Does anyone have any thoughts/experience/links on writing something to auto-tag blog posts, news articles etc? I’m keen to hear/read ideas.
I’d like automation help tagging thousands of articles.
ChatGPT did a nice job in response to:
"Give me a bunch of tags for this article… xxx
Separate the tags into different taxonomies:
- Topics
- Companies
- People"
But, from one article to another, I noticed some some variance in the exact tag name used even though it should ostensibly be the same. That would be a problem for consistent tagging.
That prompted me to look into controlled vocabularies. IPTC Media Topics is the industry’s main such vocabulary, with 1,100 terms. I asked ChatGPT to use that, but it hallucinated - it cannot directly use that vocabulary. GPT 4 chat via Playground does a better job at this, but it still hallucinates, returning codes for Media Topics but incorrect terms.

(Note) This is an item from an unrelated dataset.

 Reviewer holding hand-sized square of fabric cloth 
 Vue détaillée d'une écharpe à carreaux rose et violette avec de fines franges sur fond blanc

Regardless, the results ChatGPT initially gave were actually preferable than something like IPTC Media Topics. Its understanding of language made for much richer, more granular suggested terms.

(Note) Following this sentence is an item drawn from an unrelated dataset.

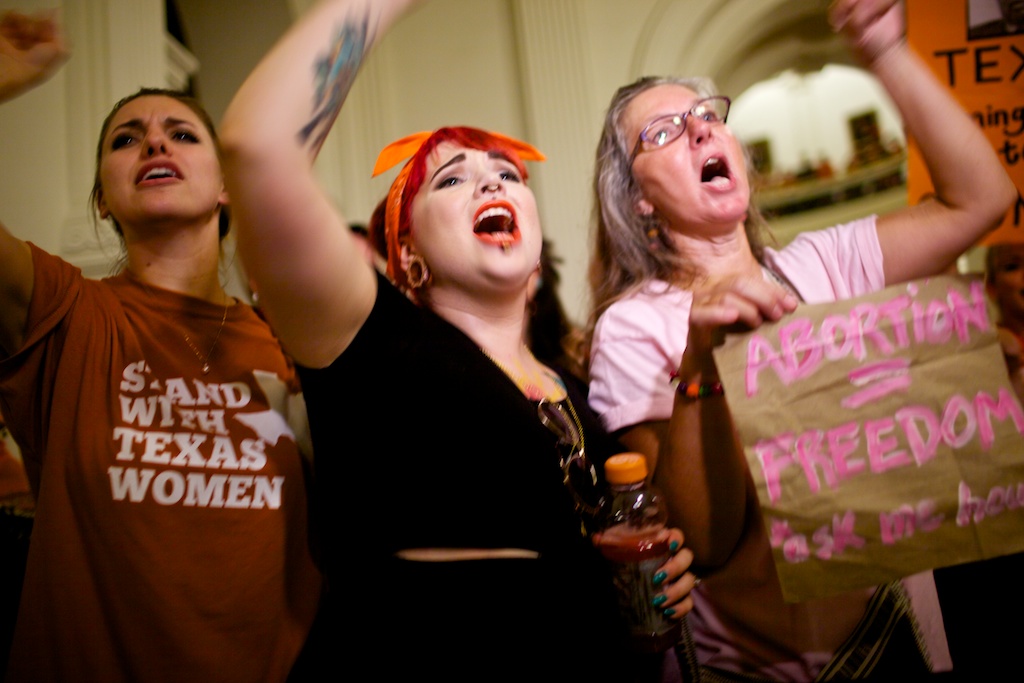 Pro-choice protesters chant outside the Senate chamber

This creates a dilemma… if, instead of using a controlled vocabulary, I am to ask OpenAI to help me tag a mass of articles, how can I be confident it will use a consistent vocabulary?
Can “temperature” be used to influence this? I understand temperature corresponds to variability. If temperature is reduced or turned to 0, would this increase the chance the AI would use alternative labels each time?
Practically , I guess I would ask it to return results as CSV or JSON format.
Anyone else worked on something like this?